Dudamel told Kurs he had to some extent been prepared for this because of his work at the podium, especially as someone who conducts orchestras all over the world, with players who speak many different languages. (Some orchestra players disdain overly verbal conductors in any language, preferring to work through the music.)

“In a way, a conductor needs to have sign language conducting the orchestra,” Dudamel told Kurs during a break in a rehearsal. “You cannot say anything. You can only show them.”

Valverde, an actress and filmmaker, is producing a documentary about the White Hands Choir, whose members wear distinctive white gloves, and was there filming the choir as her husband led it in rehearsal.

The aspirations of this performance will be signaled from the first notes of the overture.

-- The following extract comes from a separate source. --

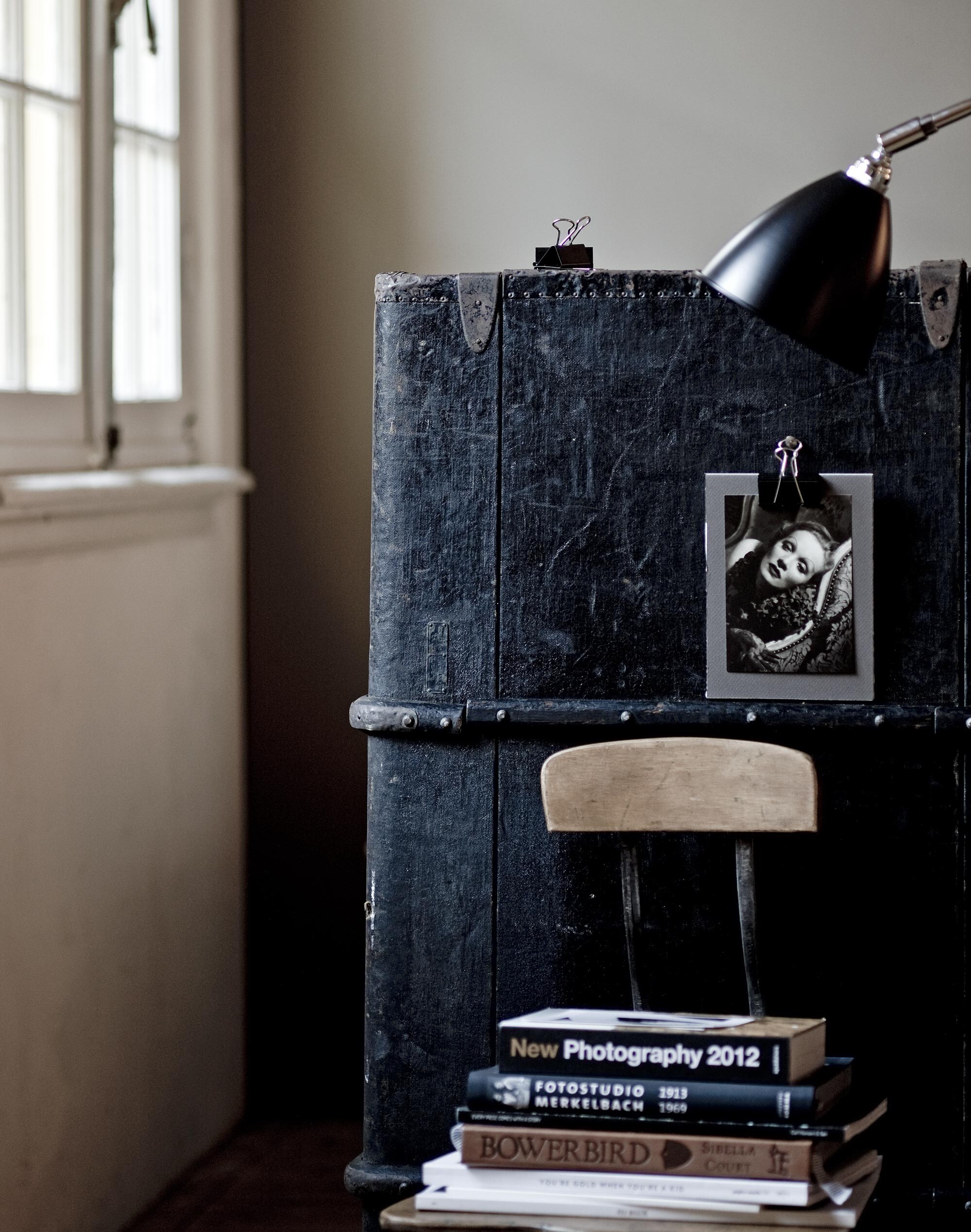Ansichtkaart (). Zwarte papierklemmen, grijs karton (). Oude hutkoffer (). Oude naaimachinestoel (). Staande lamp ().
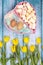 Spring composition of yellow flowers, a tulip, a basket of sweets and eggs on a blue background. Congratulations on Easter.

The Venezuelan choir will use choreography and facial expressions to convey the power of the overture which opens the opera: The other day, it was wide smiles and hands raised to the air in a representation of fireflies. “Fidelio’s overture is especially optimistic,” said Arvelo, the director. “In such a dark story, the overture starts with this moment in major tones. We were like, 'How can we transmit this with images?'”

During the spoken stretches of the opera, the audience will hear nothing; the actors will communicate the dialogue in sign language, which will be translated on supertitles cast above the stage.

The production will last for three nights.

“I think it’s going to be a mixed audience,” said Chad Smith, head of the Los Angeles Philharmonic. “There will be a lot of the LA Phil audience who are coming to hear Gustavo and the LA Phil perform one of the great works from the canon.”

Smith added that the hope was to also have people who are deaf or hard of hearing, who are in the space for “perhaps the first time.”

The experience has proved to be as powerful for the opera singers as for the actors. Ryan Speedo Green, the bass-baritone who appeared as Uncle Paul in “Fire Shut Up in My Bones” at the Metropolitan Opera last year and is the singing counterpart to Russell Harvard’s Rocco, said this was the most inclusive opera he had ever witnessed.

“People want to see themselves onstage,” he said. “For once in my life, I’m going to be someone’s voice, and they’re going to be my action. He is my body and my action and my intent and my physical interpretation. And I am his voice to the audience, to the hearing audience. We are one entity — Rocco. He is attached to me as much as I am attached to him.”